Arc A-Series Mobile Lineup
(Image credit: Intel)

Today marks the day when Intel Arc Alchemist officially enters the dedicated graphics card fray, turning this two-pony race into a three-way battle for supremacy. Or at least, that's the story we'd like to tell. Instead, we're getting the first full description of Intel's Arc A-Series mobile GPU lineup, with the first laptops sporting the new GPUs slated to arrive in April. But desktop users need not worry: Arc graphics cards for desktops are still coming, just not first. If you're not up to speed on Arc, we'll recap some of the details, but our main Arc Alchemist hub contains more low-level details.

Similar to its CPU stack, Intel's Arc Alchemist will have multiple tiers of performance: Arc 3, Arc 5, and Arc 7. The various models will be based off two chip designs, one with up to 96 Xe Vector Engines (XVE) and the other with up to 512 XVE. Note that XVE is the new name for what was formerly called an EU (Execution Unit), though the new XVE makes plenty of changes and certainly warrants a change in name.

Two Physical Arc Chips

(Image credit: Intel)

The smaller chip is called ACM-G11, and it will launch first, with laptops expected to arrive shortly using the new Arc 3 branded GPUs. ACM-G10 uses a significantly larger chip and Intel expects laptops using the Arc 5 and Arc 7 GPUs to arrive by early summer.

In most respects, ACM-G10 has four times the hardware of ACM-G11: 4X the Xe-cores, ray tracing units, and L2 cache. The memory subsystem however is 2.67X as wide, with a maximum 256-bit bus compared to a maximum 96-bit bus on the smaller chip, and the PCIe slot interface is twice as wide at x16 vs. x8. The media and display capabilities meanwhile are equivalent between the two GPUs, so all Arc graphics solutions will have the same dual Xe Media Engines (MFX) and four display engines.

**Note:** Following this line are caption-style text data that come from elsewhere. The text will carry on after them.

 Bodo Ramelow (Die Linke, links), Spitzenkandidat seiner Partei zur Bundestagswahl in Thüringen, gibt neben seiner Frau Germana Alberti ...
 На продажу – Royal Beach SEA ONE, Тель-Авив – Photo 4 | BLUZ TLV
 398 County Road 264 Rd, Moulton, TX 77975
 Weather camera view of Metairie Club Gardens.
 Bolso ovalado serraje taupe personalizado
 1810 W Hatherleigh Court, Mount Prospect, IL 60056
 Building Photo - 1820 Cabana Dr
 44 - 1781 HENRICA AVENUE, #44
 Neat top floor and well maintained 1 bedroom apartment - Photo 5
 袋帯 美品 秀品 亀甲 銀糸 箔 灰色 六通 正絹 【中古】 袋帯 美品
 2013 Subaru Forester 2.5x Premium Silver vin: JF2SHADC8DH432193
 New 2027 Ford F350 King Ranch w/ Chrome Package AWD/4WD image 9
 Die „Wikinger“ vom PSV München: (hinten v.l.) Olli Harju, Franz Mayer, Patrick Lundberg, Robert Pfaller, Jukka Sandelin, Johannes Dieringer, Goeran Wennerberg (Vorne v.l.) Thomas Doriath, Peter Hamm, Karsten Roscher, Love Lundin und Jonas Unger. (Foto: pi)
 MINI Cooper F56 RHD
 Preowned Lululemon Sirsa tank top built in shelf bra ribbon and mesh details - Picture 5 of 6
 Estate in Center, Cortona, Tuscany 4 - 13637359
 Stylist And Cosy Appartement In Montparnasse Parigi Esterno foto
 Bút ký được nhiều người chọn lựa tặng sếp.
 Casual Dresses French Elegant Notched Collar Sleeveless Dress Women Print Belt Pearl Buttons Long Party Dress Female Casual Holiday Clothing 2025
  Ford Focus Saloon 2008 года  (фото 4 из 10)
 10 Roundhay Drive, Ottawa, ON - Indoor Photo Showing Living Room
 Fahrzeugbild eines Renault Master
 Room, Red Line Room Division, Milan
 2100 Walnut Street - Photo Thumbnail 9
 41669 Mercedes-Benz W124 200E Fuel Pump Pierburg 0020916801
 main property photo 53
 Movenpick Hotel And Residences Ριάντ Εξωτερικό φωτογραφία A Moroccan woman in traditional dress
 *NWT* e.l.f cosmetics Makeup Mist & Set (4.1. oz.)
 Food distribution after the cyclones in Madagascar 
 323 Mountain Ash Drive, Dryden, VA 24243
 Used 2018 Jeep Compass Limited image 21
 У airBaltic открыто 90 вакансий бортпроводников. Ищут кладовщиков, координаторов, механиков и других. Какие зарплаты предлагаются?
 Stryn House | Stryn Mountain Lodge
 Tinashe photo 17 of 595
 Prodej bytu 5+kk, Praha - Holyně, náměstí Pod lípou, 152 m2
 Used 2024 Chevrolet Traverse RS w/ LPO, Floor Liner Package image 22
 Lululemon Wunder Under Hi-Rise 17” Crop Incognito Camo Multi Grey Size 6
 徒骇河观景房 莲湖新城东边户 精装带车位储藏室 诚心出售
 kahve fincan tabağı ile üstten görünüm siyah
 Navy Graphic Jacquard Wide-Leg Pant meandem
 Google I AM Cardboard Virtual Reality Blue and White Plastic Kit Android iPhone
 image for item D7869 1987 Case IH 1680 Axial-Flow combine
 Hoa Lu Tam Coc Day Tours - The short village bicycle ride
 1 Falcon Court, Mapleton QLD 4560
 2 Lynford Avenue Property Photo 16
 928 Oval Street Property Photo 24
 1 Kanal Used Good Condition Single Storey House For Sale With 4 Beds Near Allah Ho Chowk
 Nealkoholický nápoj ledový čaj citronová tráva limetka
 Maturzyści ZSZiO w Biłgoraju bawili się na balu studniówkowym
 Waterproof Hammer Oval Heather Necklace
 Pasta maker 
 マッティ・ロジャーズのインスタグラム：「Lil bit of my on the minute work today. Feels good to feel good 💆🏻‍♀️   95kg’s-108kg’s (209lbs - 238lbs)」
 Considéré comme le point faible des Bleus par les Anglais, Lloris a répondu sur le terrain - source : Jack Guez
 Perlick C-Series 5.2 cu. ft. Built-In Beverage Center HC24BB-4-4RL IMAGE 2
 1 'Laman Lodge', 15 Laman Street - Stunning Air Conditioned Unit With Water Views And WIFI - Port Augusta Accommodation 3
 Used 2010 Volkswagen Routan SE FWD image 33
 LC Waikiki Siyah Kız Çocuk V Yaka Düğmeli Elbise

To quickly recap, each Xe-core contains 16 XVEs, and another 16 XMX units. The XVE vector engines can do 16 FP32, 32 FP16, and 64 INT8 operations per clock. The XMX matrix engines meanwhile can do 128 FP16/BF16, 256 INT8, or 512 INT4/INT2 operations per clock.

We'll get to clock speeds in a bit, but these can vary quite a lot, particularly in mobile form factors. We suspect Intel will break 2GHz on desktop cards, but the mobile parts appear to top out at around 1.55GHz on the smaller chip and 1.65GHz on the larger chip. Do the math and the smaller ACM-G11 should have a peak throughput of over 3 TFLOPS FP32, with 25 TFLOPS of FP16 deep learning capability. The larger ACM-G10 will more than quadruple those figures, hitting peak throughput of 13.5 TFLOPS FP32 and 108 TFLOPS FP16.

(Image credit: Intel)

Besides the vector and matrix engines, each Xe-core also contains a single ray tracing unit (RTU). Intel still hasn't provided any details of what sort of ray tracing performance we can expect from Arc, but even the largest chip will top out at 32 RTUs. In contrast, AMD's RX 6900 XT has 80 ray accelerators and Nvidia's GeForce RTX 3090 Ti comes with 84 RT cores that are each about 1.75X as fast as its first-generation RTX 20-series RT cores.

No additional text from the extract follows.